--- Data records Enclosed Below ---

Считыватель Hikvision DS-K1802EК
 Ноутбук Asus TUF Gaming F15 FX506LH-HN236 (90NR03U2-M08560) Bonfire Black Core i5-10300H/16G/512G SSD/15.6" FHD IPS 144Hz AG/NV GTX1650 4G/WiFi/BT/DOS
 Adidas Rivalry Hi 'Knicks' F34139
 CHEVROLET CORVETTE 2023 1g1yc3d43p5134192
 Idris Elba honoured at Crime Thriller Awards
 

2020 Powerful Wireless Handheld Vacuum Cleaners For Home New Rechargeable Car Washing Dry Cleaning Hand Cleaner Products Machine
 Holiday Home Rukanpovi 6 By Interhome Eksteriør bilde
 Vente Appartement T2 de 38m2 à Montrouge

--- End of Enclosed Data records ---

This exercise asks for the line with "Holiday Home Rukanpovi" and all lines after it through the end of the records above, retyped exactly and with nothing else.

### Your solution:
 Holiday Home Rukanpovi 6 By Interhome Eksteriør bilde
 Vente Appartement T2 de 38m2 à Montrouge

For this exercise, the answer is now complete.